SAS/ACCESS Interface to DB2 Under z/OS |
Assessing When to Tune Performance |
Among the factors that affect DB2 performance are the size of the table that is being accessed and the form of the SQL SELECT statement. If the table that is being accessed is larger than 10,000 rows (or 1,000 pages), you should evaluate all SAS programs that access the table directly. When you evaluate the programs, consider these questions.
Does the program need all columns that the SELECT statement retrieves?
Do the WHERE clause criteria retrieve only those rows that are needed for subsequent analysis?
Is the data going to be used by more than one procedure in one SAS session? If so, consider extracting the data into a SAS data file for SAS procedures to use instead of allowing the data to be accessed directly by each procedure.
Do the rows need to be in a particular order? If so, can an indexed column be used to order them? If there is no index column, is DB2 doing the sort?
Do the WHERE clause criteria allow DB2 to use the available indexes efficiently?
Can your DB2 system use parallel processing to access the data more quickly?
In addition, the DB2 Resource Limit Facility limits execution time of dynamic SQL statements. If the time limit is exceeded, the dynamic statement is terminated and the SQL code -905 is returned. This list describes several situations in which the RLF could stop a user from consuming large quantities of CPU time.
An extensive search by the FSEDIT, FSVIEW, or FSBROWSE procedures or an SCL application.
An extensive load into a DB2 table. In this case, you can break up the load by lowering the commit frequency, or you can use the bulk-load facility through SAS/ACCESS Interface to DB2 under z/OS.
Methods for Improving Performance |
You can do several things in your SAS application to improve DB2 engine performance.

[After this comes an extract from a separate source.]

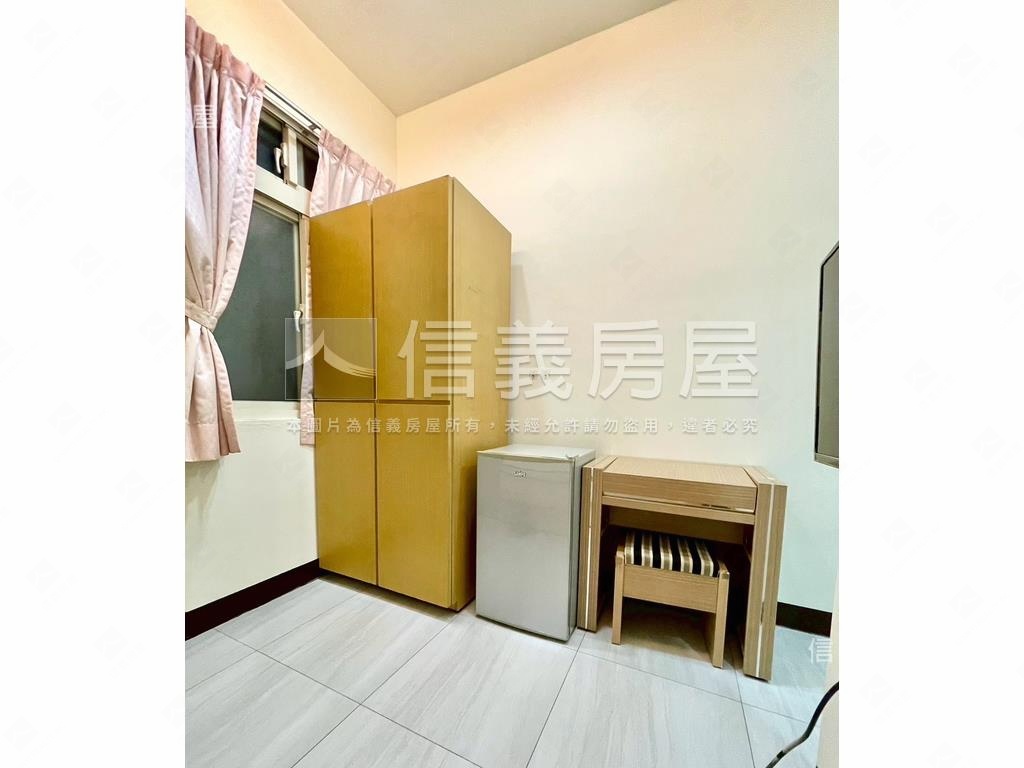新板捷運投報兩套房屋室內格局與周邊環境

Set the SAS system option DB2DBUG. This option prints to the SAS log the dynamic SQL that is generated by the DB2 engine and all other SQL that is executed by the DB2 engine. You can then verify that all WHERE clauses, PROC SQL joins, and ORDER BY clauses are being passed to DB2. This option is for debugging purposes and should not be set once the SAS application is used in production. The NODB2DBUG option disables this behavior.

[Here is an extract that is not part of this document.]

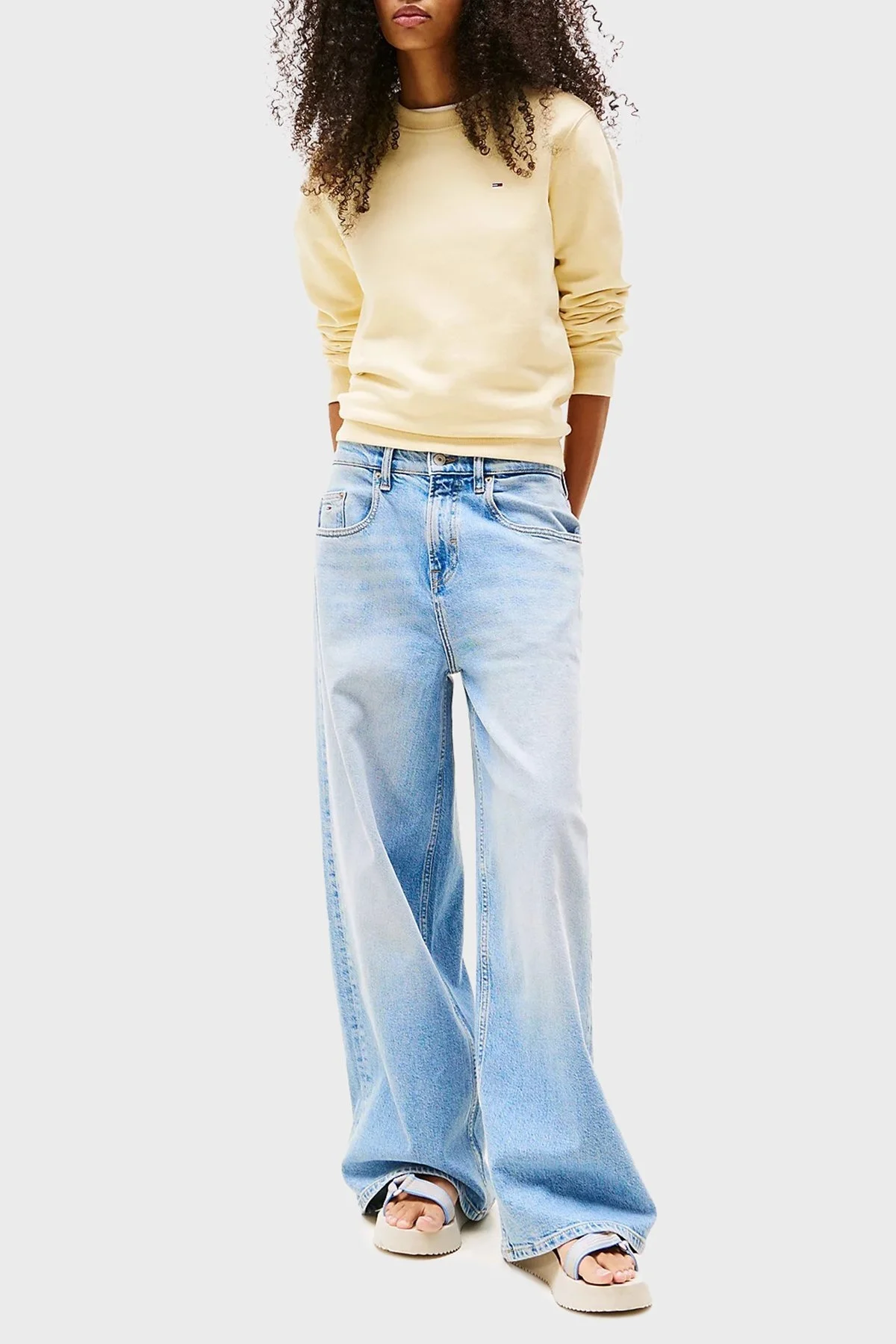 Tommy Jeans Logolu Platform Taban Cirtlı Bayan Sandalet EN0EN02747 ACG BEJ - 2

Verify that all SAS procedures and DATA steps that read DB2 data share connections where possible. You can do this by using one libref to reference all SAS applications that read DB2 data and by accepting the default value of SHAREDREAD for the CONNECTION= option.

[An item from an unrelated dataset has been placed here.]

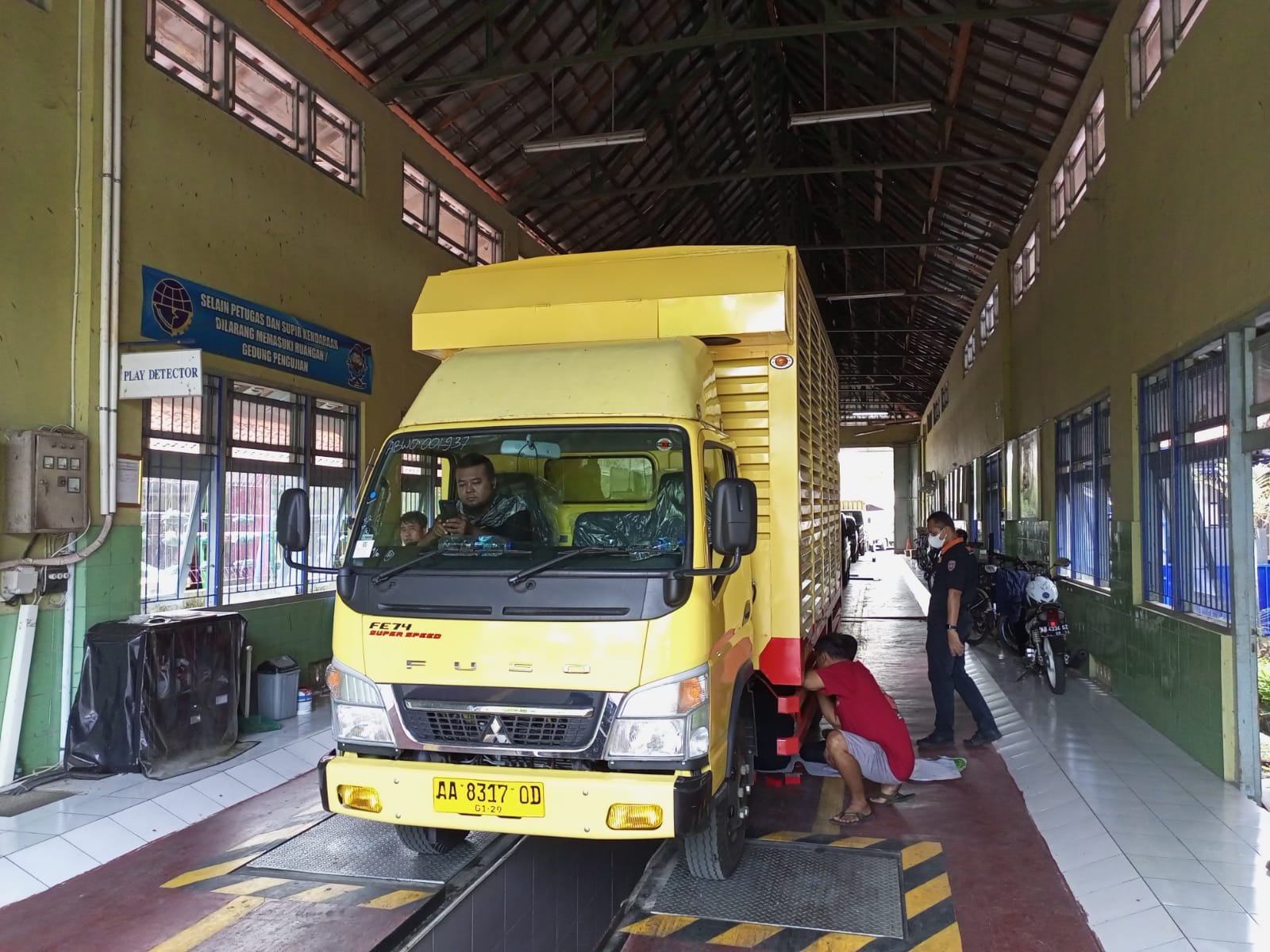PASTIKAN KENDARAAN FIT : Antrean kendaraan saat uji KIR gratis di Dinas Pwenukiman dan Perhubungan (Disperkimhub) Kebumen. (M Hafied/Radar Kebumen)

If your DB2 subsystem supports parallel processing, you can assign a value to the CURRENT DEGREE special register. Setting this register might enable your SQL query to use parallel operations. You can set the special register by using the LIBNAME options DBCONINIT= or DBLIBINIT= with the SET statement as shown in this example:
libname mydb2 db2 dbconinit="SET CURRENT DEGREE='ANY'";
Use the view descriptor WHERE clause or the DBCONDITION= option to pass WHERE clauses to DB2. You can also use these methods to pass sort operations to DB2 with the ORDER BY clause instead of performing a sort within SAS.
If you are using a SAS application or an SCL application that reads the DB2 data twice, let the DB2 engine spool the DB2 data. This happens by default because the default value for the SPOOL= option is YES.
The spool file is read both when the application rereads the DB2 data and when the application scrolls forward or backward through the data. If you do not use spooling, and you need to scroll backward through the DB2 table, the DB2 engine must start reading from the beginning of the data and read down to the row that you want to scroll back to.
Use the SQL procedure to pass joins to DB2 instead of using the MATCH MERGE capability (that is, merging with a BY statement) of the DATA step.
Use the DBKEY= option when you are doing SAS processing that involves the KEY= option. When you use the DBKEY= option, the DB2 engine generates a WHERE clause that uses parameter markers. During the execution of the application, the values for the key are substituted into the parameter markers in the WHERE clause.
If you do not use the DBKEY= option, the entire table is retrieved into SAS, and the join is performed in SAS.
Consider using stored procedures when they can improve performance in client/server applications by reducing network traffic. You can execute a stored procedure by using the DBCONINIT= or DBLIBINIT= LIBNAME options.
Use the READBUFF= LIBNAME option to retrieve records in blocks instead of one at a time.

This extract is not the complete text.